Koreksi Pasal 26
PP Nomor 26 Tahun 2008 | Peraturan Pemerintah Nomor 26 Tahun 2008 tentang RENCANA TATA RUANG WILAYAH NASIONAL
Teks Saat Ini
(1) Pelabuhan umum terdiri atas pelabuhan internasional hub, pelabuhan internasional, pelabuhan nasional, pelabuhan regional, dan pelabuhan lokal.
(2) Pelabuhan internasional hub dan pelabuhan internasional dikembangkan untuk:
a. melayani . . .
a. melayani kegiatan pelayaran dan alih muat peti kemas angkutan laut nasional dan internasional dalam jumlah besar;
b. menjangkau wilayah pelayanan sangat luas; dan
c. menjadi simpul jaringan transportasi laut internasional.
(3) Pelabuhan nasional dikembangkan untuk:
a. melayani kegiatan pelayaran dan alih muat peti kemas angkutan laut nasional dan internasional dalam jumlah menengah;
b. menjangkau wilayah pelayanan menengah; dan
c. memiliki fungsi sebagai simpul jaringan transportasi laut nasional.

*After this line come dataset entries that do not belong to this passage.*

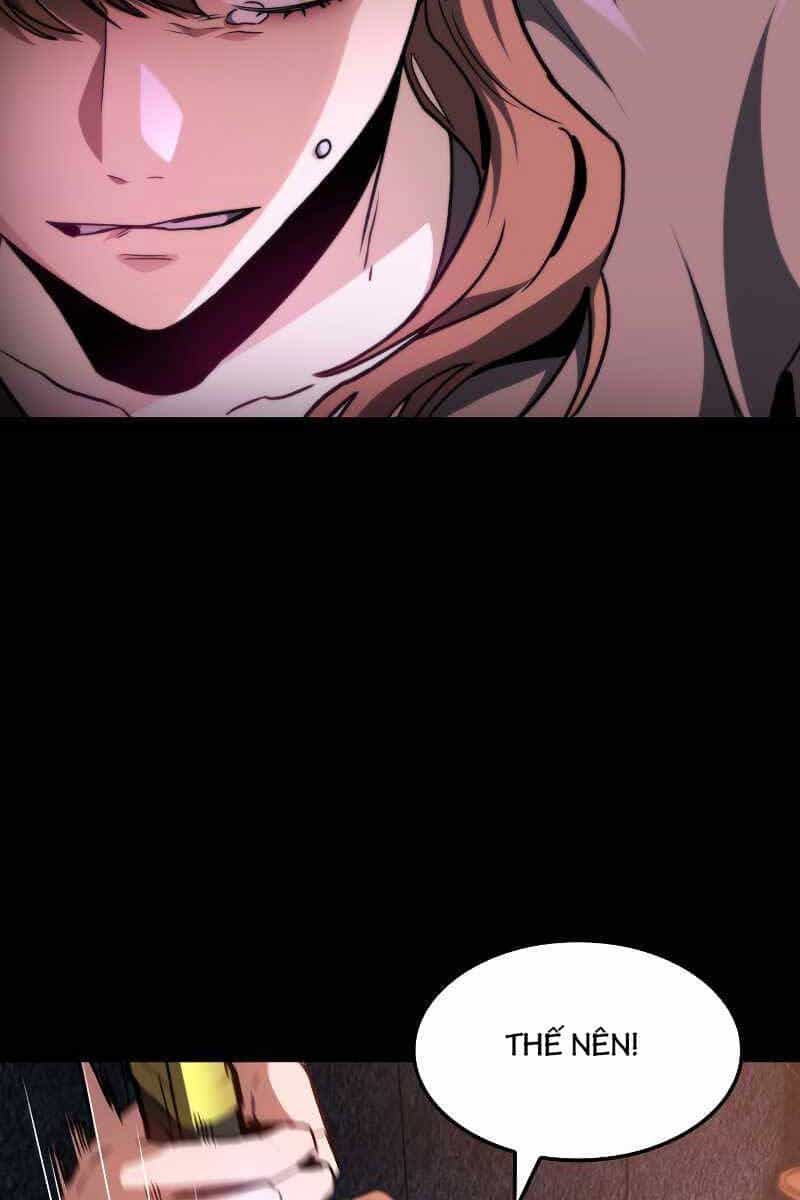 Thợ Săn Số Mệnh Cấp F - Chương 43 - ảnh 100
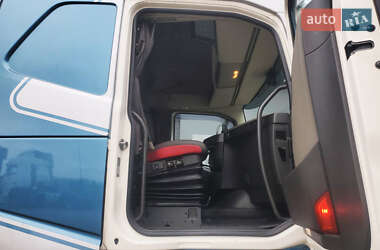 Тягач Volvo FH 13 2016 в 
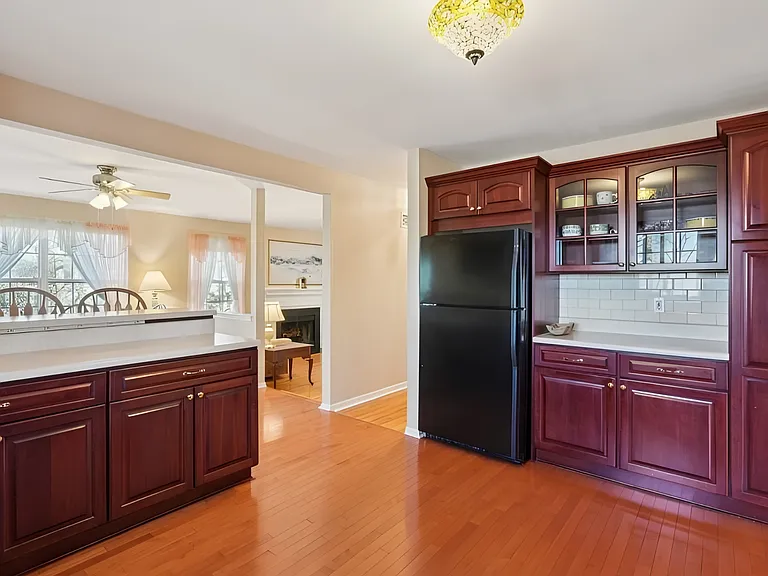 15 Ryan Lane Lincoln Park — Photo 10
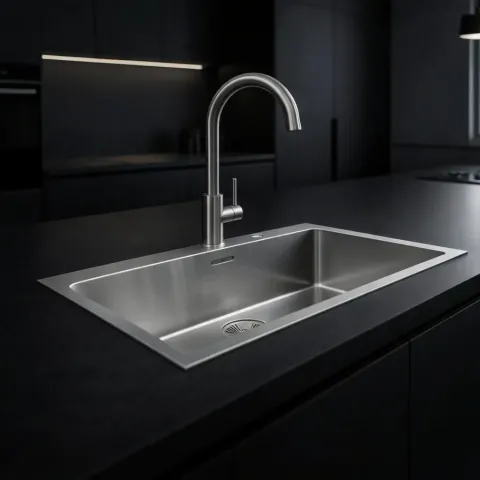 SANITEC-15223.jpg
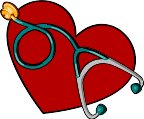 000803_1089_9354_vuvv.wmf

(4) Pelabuhan regional dikembangkan untuk:
a. melayani kegiatan pelayaran dan alih muat angkutan laut nasional dan regional, pelayaran rakyat, angkutan sungai, dan angkutan perintis dalam jumlah menengah; dan
b. menjangkau wilayah pelayanan menengah.
(5) Pelabuhan lokal dikembangkan untuk:
a. melayani kegiatan pelayaran dan alih muat angkutan laut lokal dan regional, pelayaran rakyat, angkutan sungai, dan angkutan perintis dalam jumlah kecil; dan
b. menjangkau wilayah pelayanan terbatas.
(6) Pelabuhan internasional dan pelabuhan nasional tercantum dalam Lampiran IV yang merupakan bagian tidak terpisahkan dari PERATURAN PEMERINTAH ini.